Les jeunes médecins démarrant leur carrière hospitalière ne pourront plus exercer sous forme de contrat temporaire avant deux années d’exercice préalable en établissement de santé. Ce nouveau bornage de l’intérim médical, qui était attendu, restreint la marge de manœuvre des jeunes praticiens et suscite la colère des organisations syndicales.
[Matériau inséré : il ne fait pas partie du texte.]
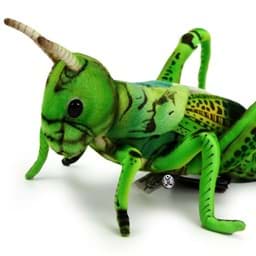 Bild von Grashüpfer PREMIUM Insekten Heuschrecke Heupferdchen grün Plüschtier Dekotier HORTI
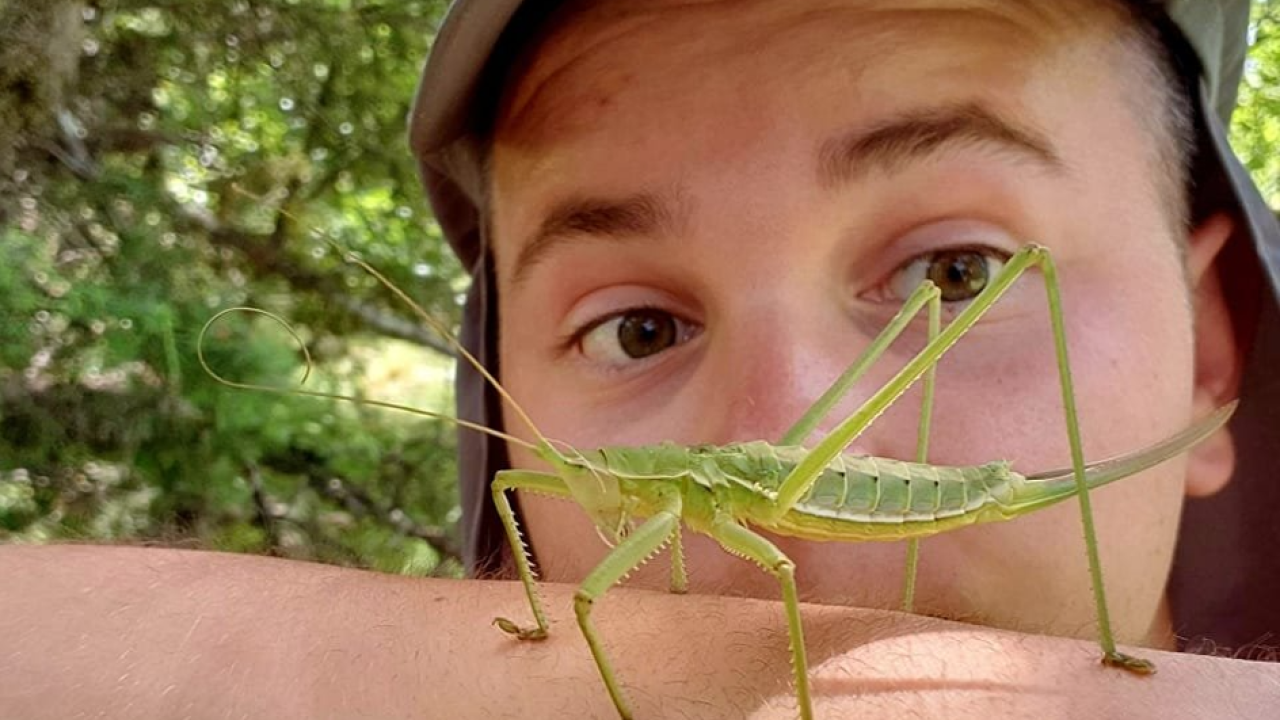 ‘Mali botanički ragovori’: Sebastian Ćato gostuje sutra u Azimutu u sklopu festivala Flora Dalmatica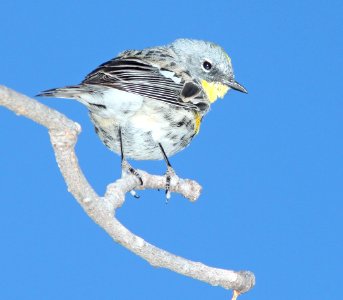 WARBLER, YELLOW-RUMPED (3-22-11) patagonia lake, scc, az -03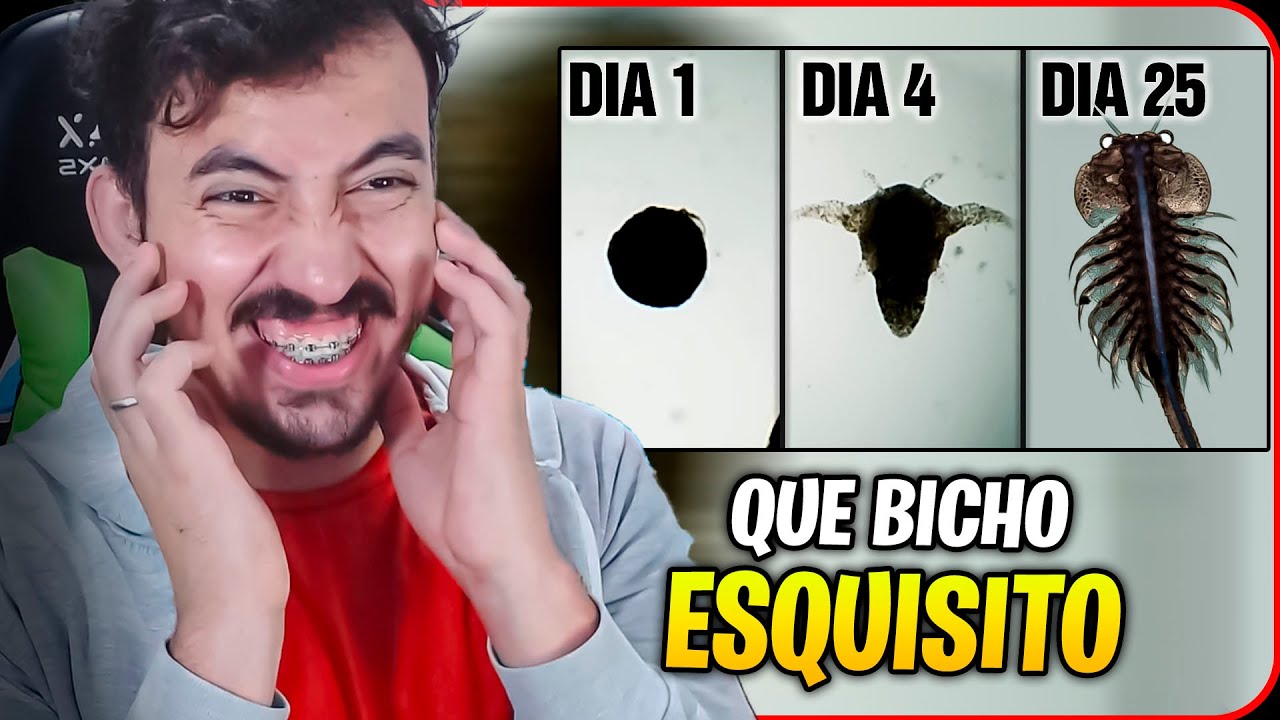 Evoluí um bicho microscópico de OVO até ADULTO (na vida real) - Andre Young | Leozin React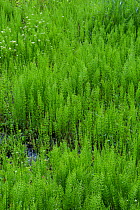 Water Horsetail / Swamp Horsetail (Equisetum fluvatile) Sierra Nevada, California, USA, May.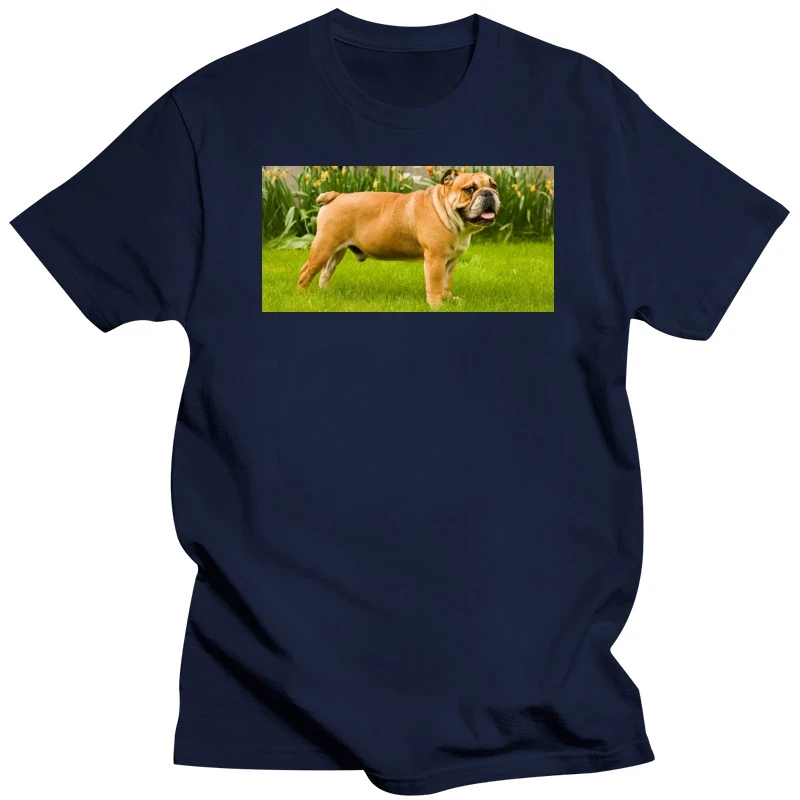 Bulldog t shirt cheap Diy t shirt Boys CasualT-shirt Tops shirt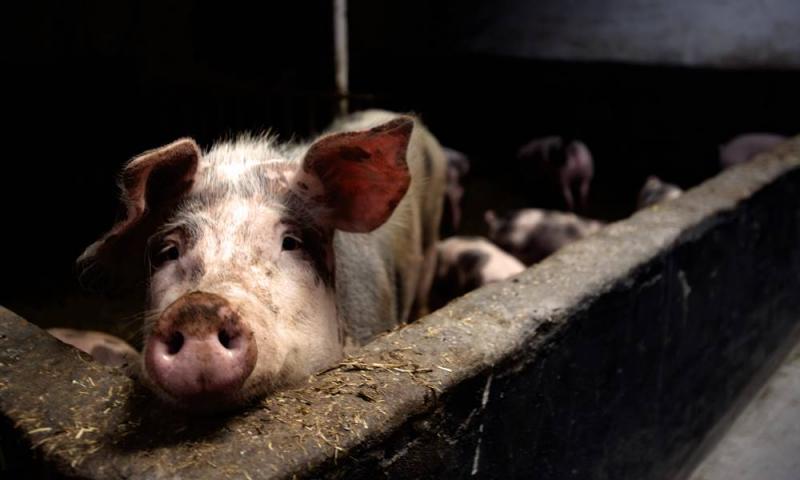 雪政府与中央达共识，丹绒士拔养猪场获准更新执照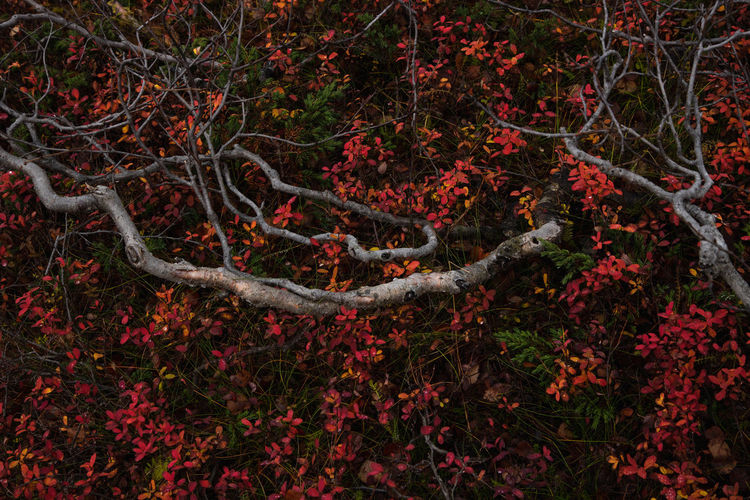 High angle view of red berries growing on tree in forest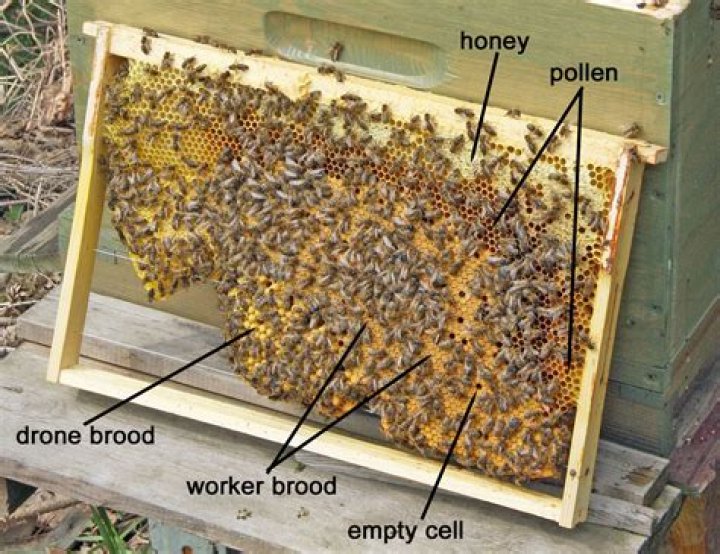 Was does brood mean?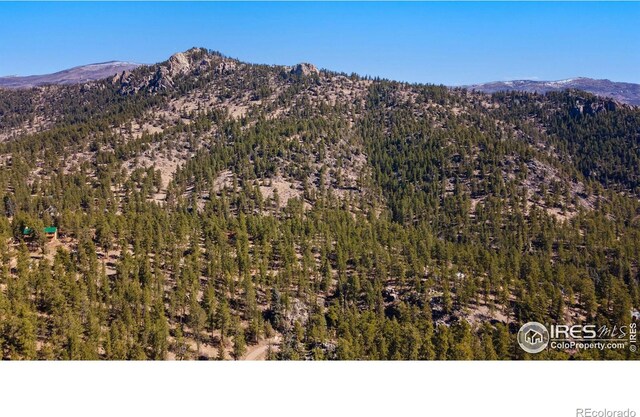 105 Fox Creek Rd, Glen Haven, CO 80532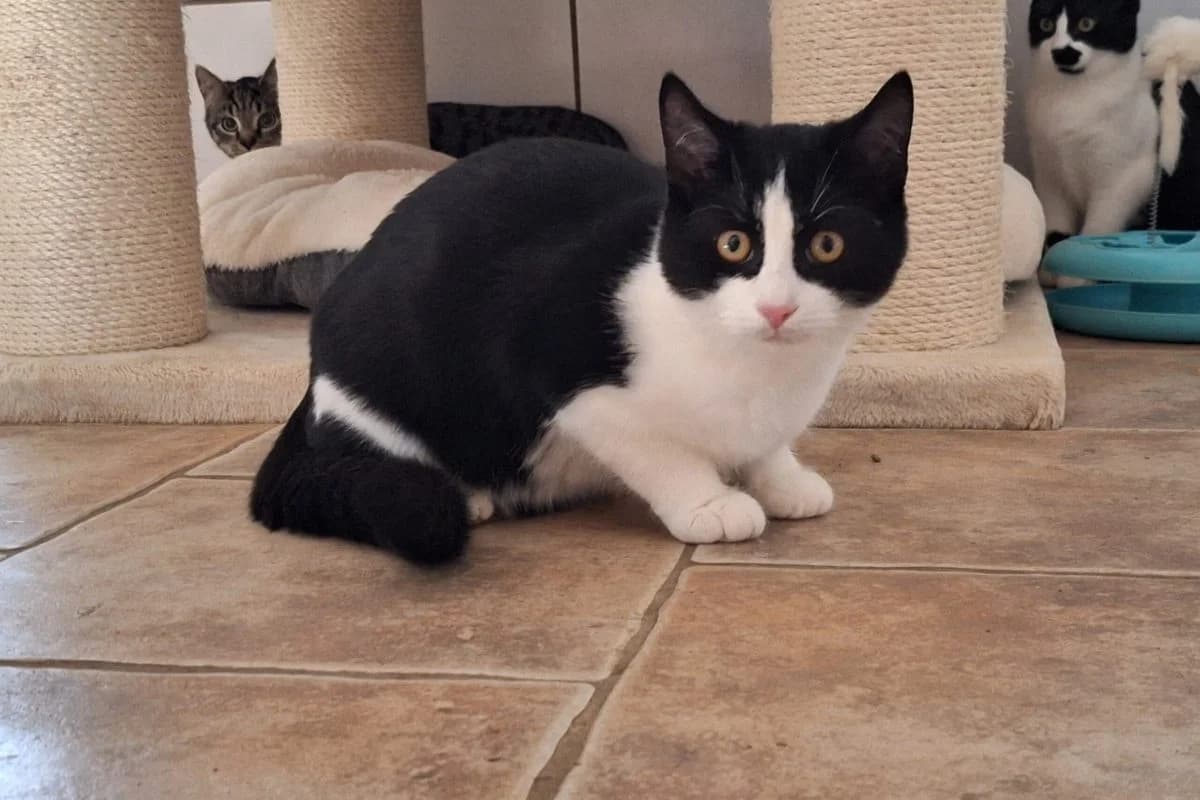 Lumpi, male Mixed Breed for adoption at Tierheim Laage — photo 5 of 11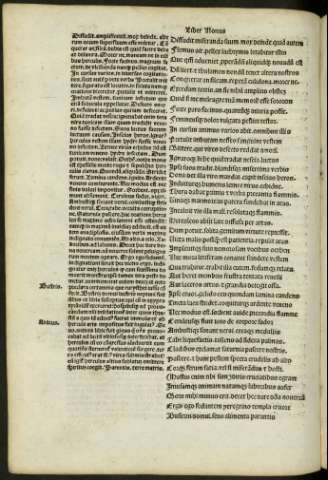 cxv v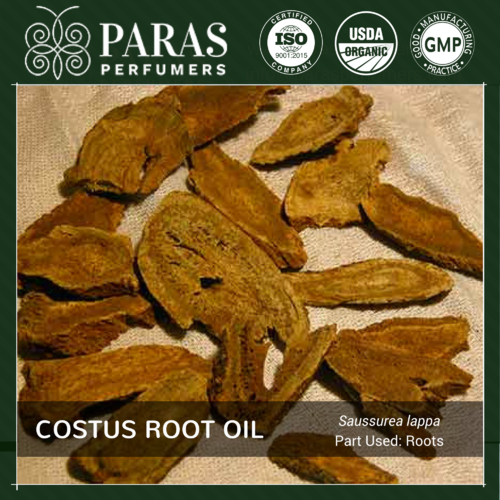 Costus Root Oil Age Group: All Age Group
Le décret en ce sens publié le 30 novembre 2025 est effectif depuis le 1er décembre. Il borne la durée minimale d'exercice requise à « deux ans » avant tout emploi intérimaire, précisément pour cibler les jeunes professionnels de santé, et élargit surtout cette durée minimum aux personnels médicaux. « Cette durée est requise pour les professionnels concluant leur premier contrat avec une entreprise de travail temporaire en vue d'exercer leur profession et, le cas échéant, leur spécialité, dans le cadre d'une mise à disposition à un établissement de santé ou un laboratoire de biologie médicale », peut-on lire.
Le gouvernement n’a guère eu le choix : son premier décret de juin 2024 avait été retoqué par le Conseil d’État. En application de la loi Valletoux de décembre 2023, la plus haute juridiction administrative avait imposé au gouvernement de revoir les modalités d’encadrement de l’intérim médical. Le nouveau texte complète l’arsenal avec des sanctions financières en cas de violation de cette réglementation.
Mis devant le fait accompli des nouvelles règles du jeu, les syndicats de médecins concernés ne décolèrent pas. « C’est une discrimination anti-jeunes inacceptable dont nous ne voyons pas du tout l’intérêt, ni pour faciliter les soins, ni pour réaliser des économies », dénonce la Dr Anna Boctor, présidente de Jeunes Médecins (JM). La pédiatre ne comprend pas pourquoi « on sanctionne les jeunes praticiens déjà payés au lance-pierre », qui ont fait dix ans d’études et « font tourner » les services.
Risque de fuite des jeunes
Même réaction vive de la part du président du Syndicat national des médecins remplaçants des hôpitaux (SNMRH), qui juge la mesure contreproductive. « Cette réglementation qui veut forcer les jeunes médecins à prendre des contrats fixes à l’hôpital, les empêche en réalité d’y exercer », s’inquiète le Dr Éric Reboli. Aux urgences déjà, le recrutement des jeunes se révèle ardu et ce bornage de l’intérim pourrait aggraver la situation. « Les hôpitaux sont incapables de réguler les flux de patients. Débordés, ils les envoient dans le privé qui ne dispose pas de plateau technique », argue l’urgentiste. Ce syndicaliste voyait auparavant deux avantages majeurs dans l’intérim médical : le fait d’être mieux rémunéré pour ces missions temporaires et la possibilité de tester plusieurs établissements avant de faire son choix définitif. Le risque serait de décourager la jeune génération de rejoindre les hôpitaux publics.
À travers ce nouveau bornage réglementaire de l’intérim médical, la Dr Anna Boctor, très remontée, dénonce de son côté « un délire total qui provient d’une panique générale issue de l’instabilité gouvernementale actuelle ». « Si nous étions aussi incompétents, nous serions déjà interdits d’exercice », conclut la jeune médecin.